In the Sunday Morning session, there was a strong focus on the importance of honesty and integrity that really stuck out to me.
Elder Perry told of a professor who gave his students very special instructions before a difficult exam:
In giving an examination one day, a trigonometry teacher said, “Today I am going to give you two examinations: one in trigonometry and one in honesty. I hope you will pass them both. But if you must fail one, let it be trigonometry. For there are many good men in the world today who cannot pass an examination in trigonometry but there are no good men in the world today who cannot pass an examination in honesty.”
Honesty is a virtue that is unfortunately underrated in today’s society. It has become far more acceptable for politicians and media personalities to lie with abandon.

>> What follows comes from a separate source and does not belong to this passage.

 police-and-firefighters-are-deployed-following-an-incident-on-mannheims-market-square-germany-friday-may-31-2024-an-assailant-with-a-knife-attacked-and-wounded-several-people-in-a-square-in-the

Unfortunately, this has led to the fatal undermining of trust.
If these words were true in the shadow of Watergate, they are even more true today:
Every healthy society needs a common core of values based on the divine law of the Lord. This core of values should be a fundamental upon which all laws governing human conduct are based. Societies which have governed themselves by this fundamental set of values have found peace, prosperity, joy, beauty, morality and fulfillment. Societies which have thought themselves beyond these basic principles have literally destroyed themselves.
Are we not now seeing in our society today the lack of a responsiveness to teach these basic values? Are we not seeing a growing harvest of public and private crime, irresponsibility, vandalism, shoddy work, immorality and the lack of personal discipline? Because of our unwillingness to get involved in the preservation of these values, small, radical, Godless groups are literally stealing from us our rights to enjoy the freedom to choose our own value system.
Elder/President Gordon B. Hinckley also spoke on a similar theme:
In our childhood we were told the stories of George Washington’s confessing to chopping down the cherry tree and Abraham Lincoln’s walking a great distance to return a small coin to its rightful owner. But clever debunkers in their unrighteous zeal have destroyed faith in such honesty; the media in all too many cases have paraded before us a veritable procession of deception in its many ugly forms.
What was once controlled by the moral and ethical standards of the people, we now seek to handle by public law. And so the statutes multiply, enforcement agencies consume ever-increasing billions, prison facilities are constantly expanded, but the torrent of dishonesty pours on and grows in volume.
In a society where trust is corroded, there is no common source for information, values, and guidance. The dissonance that results tends to destroy the social fabric and lead to conflict.
In the Church, we are blessed to have a single source of moral and spiritual authority. Great efforts are taken to shake confidence in our leaders because a loss of trust in our leaders fatally undermines the Church. We need to resist that temptation.
We also have an obligation to be an example of honest, rectitude and trust to those around us. We must be people of unquestionable integrity in order to stand against the increasing loss of integrity in society.